#### TASK GOAL:
Please write out exactly the lines of the data below from the line holding "INT formula in" through the line holding "Barski - European", and leave out the rest.

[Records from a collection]

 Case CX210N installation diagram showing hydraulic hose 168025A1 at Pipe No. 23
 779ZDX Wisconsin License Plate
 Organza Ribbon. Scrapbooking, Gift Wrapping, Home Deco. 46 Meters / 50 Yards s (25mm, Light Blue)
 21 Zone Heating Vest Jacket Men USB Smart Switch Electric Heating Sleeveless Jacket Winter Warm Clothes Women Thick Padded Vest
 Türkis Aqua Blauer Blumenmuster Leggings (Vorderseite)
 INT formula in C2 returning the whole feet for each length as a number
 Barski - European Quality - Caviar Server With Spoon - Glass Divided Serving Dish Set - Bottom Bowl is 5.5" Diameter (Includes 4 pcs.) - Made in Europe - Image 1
* * *
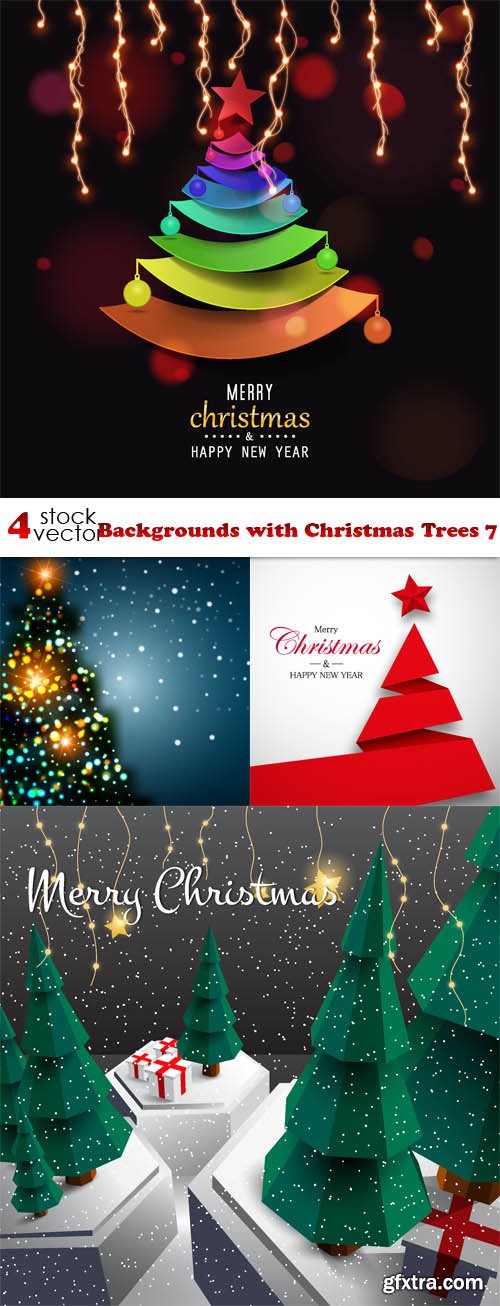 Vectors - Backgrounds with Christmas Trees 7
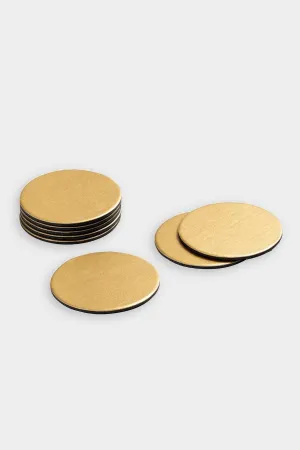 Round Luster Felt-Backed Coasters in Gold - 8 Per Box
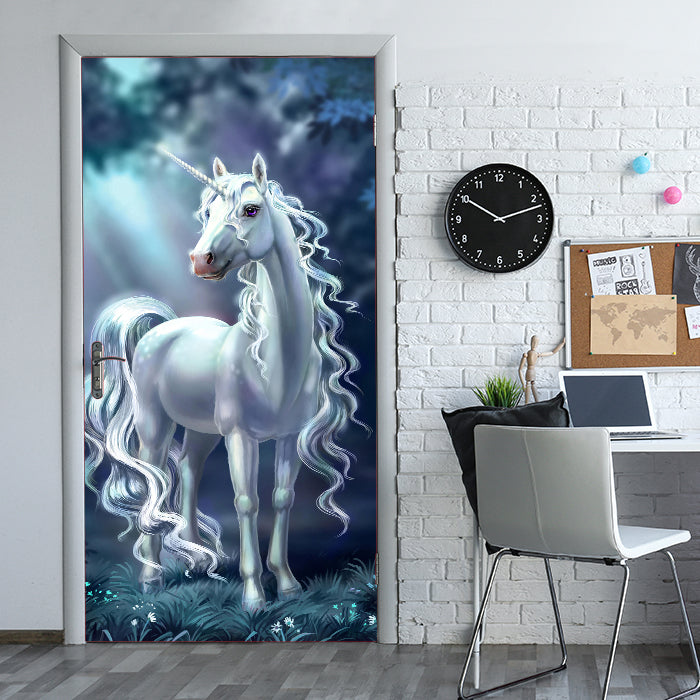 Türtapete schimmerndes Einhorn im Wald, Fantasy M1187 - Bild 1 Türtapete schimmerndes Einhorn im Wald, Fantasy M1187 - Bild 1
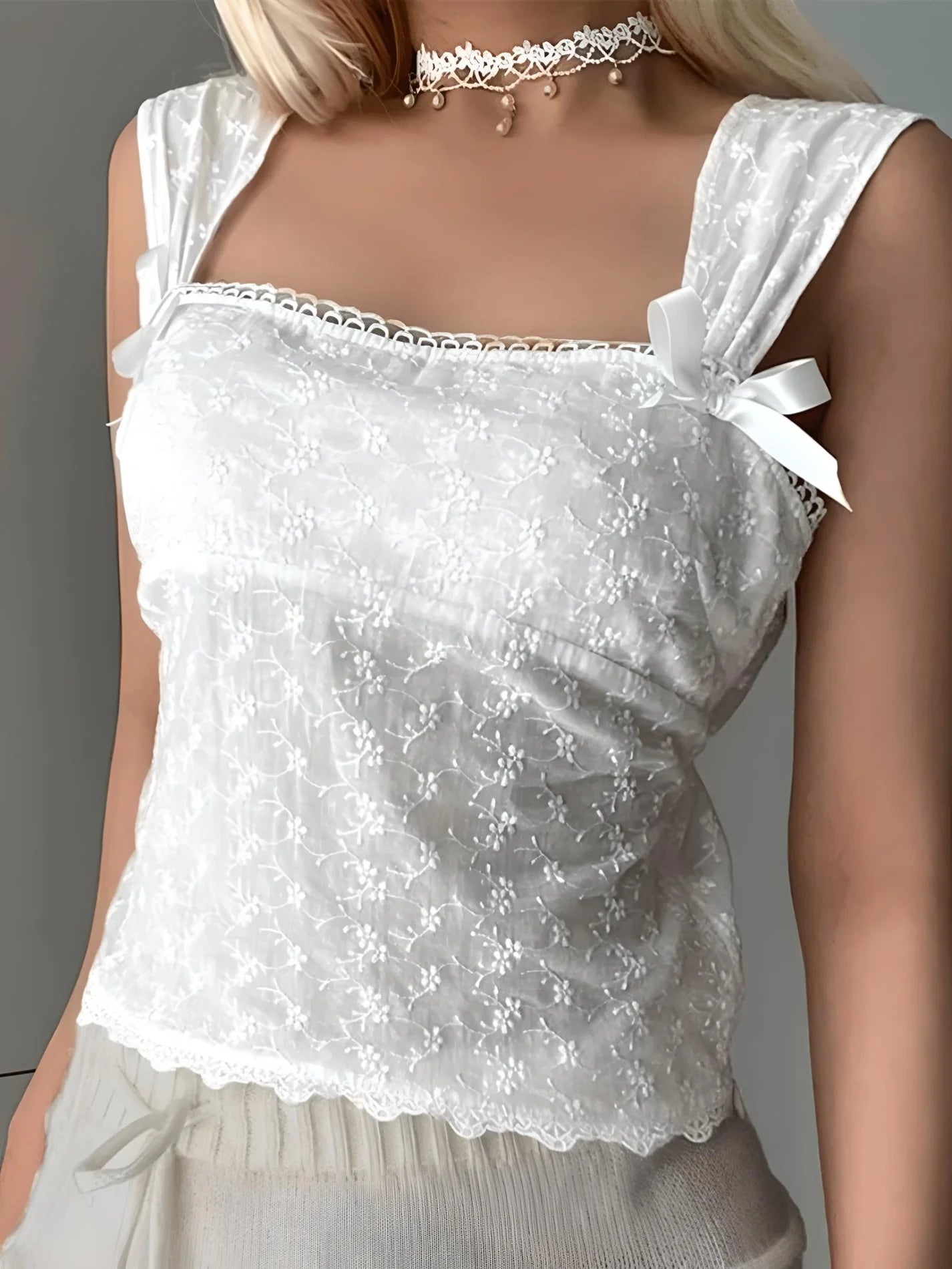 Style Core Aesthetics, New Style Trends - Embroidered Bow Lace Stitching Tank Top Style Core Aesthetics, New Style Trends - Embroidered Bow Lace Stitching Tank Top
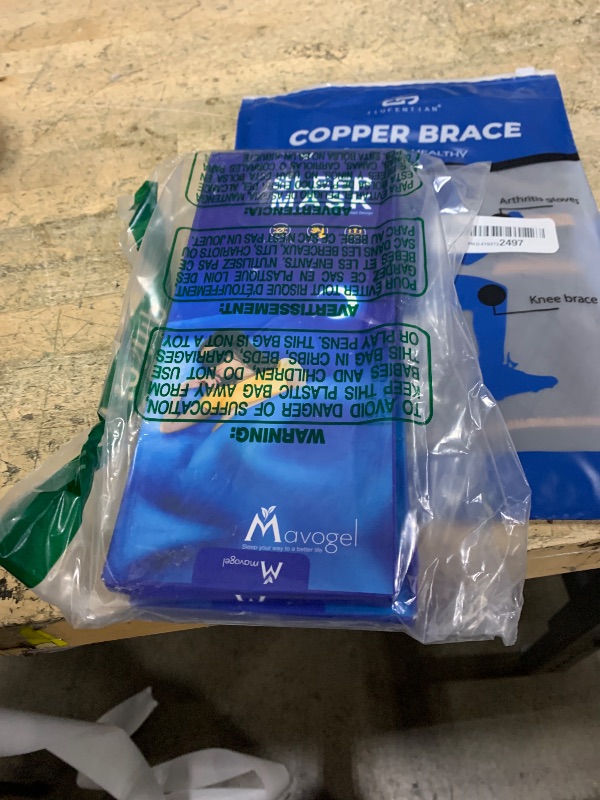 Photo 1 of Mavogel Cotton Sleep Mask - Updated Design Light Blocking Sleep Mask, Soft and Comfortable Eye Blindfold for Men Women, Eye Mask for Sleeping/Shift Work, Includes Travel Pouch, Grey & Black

#### SOLUTION:
 INT formula in C2 returning the whole feet for each length as a number
 Barski - European Quality - Caviar Server With Spoon - Glass Divided Serving Dish Set - Bottom Bowl is 5.5" Diameter (Includes 4 pcs.) - Made in Europe - Image 1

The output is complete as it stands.